◆ What this task involves ◆
Using only the entries below, output the lines starting at the one containing "Nike Raiders #81" and ending at the one containing "Bow-Tied Chibi Bunny", exactly and inclusive of both, omitting the pictures.

◆ Material to process ◆
---+---
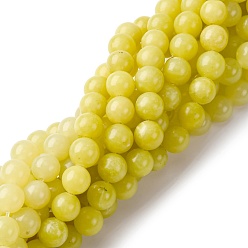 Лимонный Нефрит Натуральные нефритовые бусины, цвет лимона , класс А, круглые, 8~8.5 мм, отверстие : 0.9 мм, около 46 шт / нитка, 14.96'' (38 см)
---+---
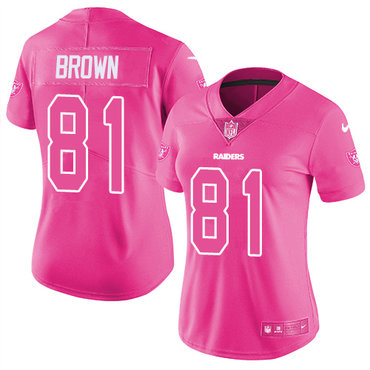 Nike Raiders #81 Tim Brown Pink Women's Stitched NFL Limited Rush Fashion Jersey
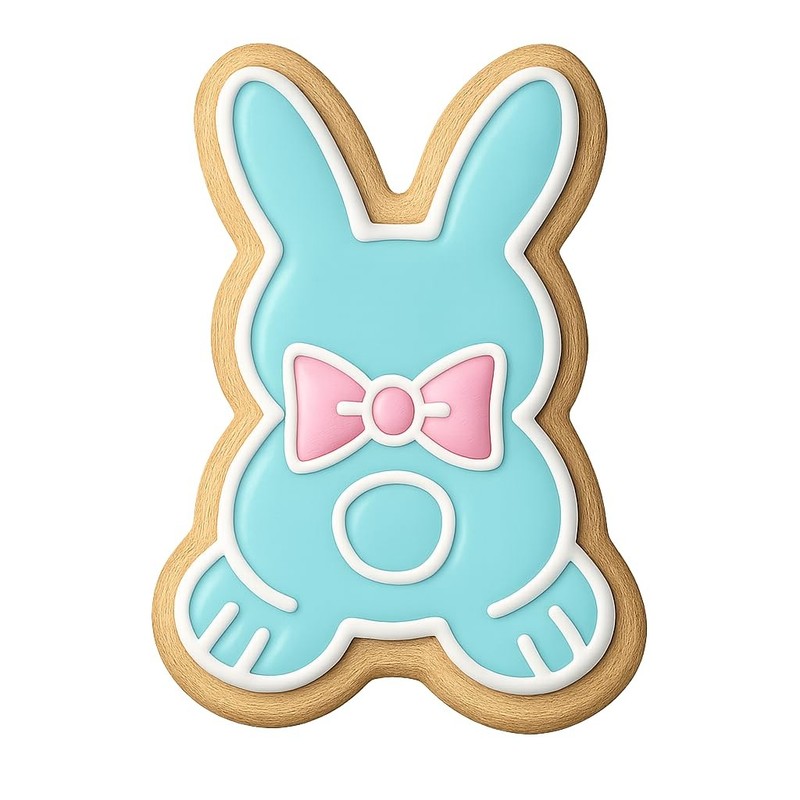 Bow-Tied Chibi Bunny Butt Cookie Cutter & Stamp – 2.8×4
---+---
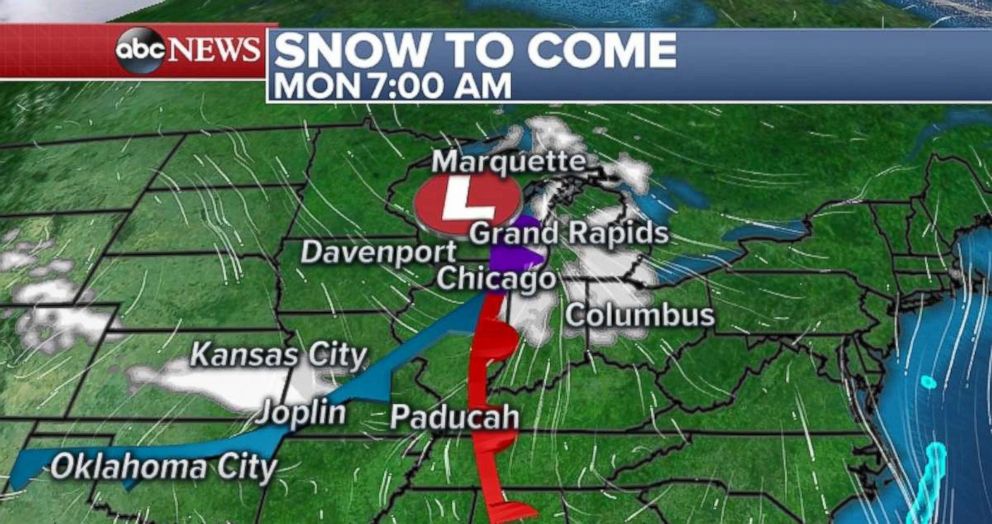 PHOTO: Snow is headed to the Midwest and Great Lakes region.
---+---
◆ Output of the exercise ◆
 Nike Raiders #81 Tim Brown Pink Women's Stitched NFL Limited Rush Fashion Jersey
 Bow-Tied Chibi Bunny Butt Cookie Cutter & Stamp – 2.8×4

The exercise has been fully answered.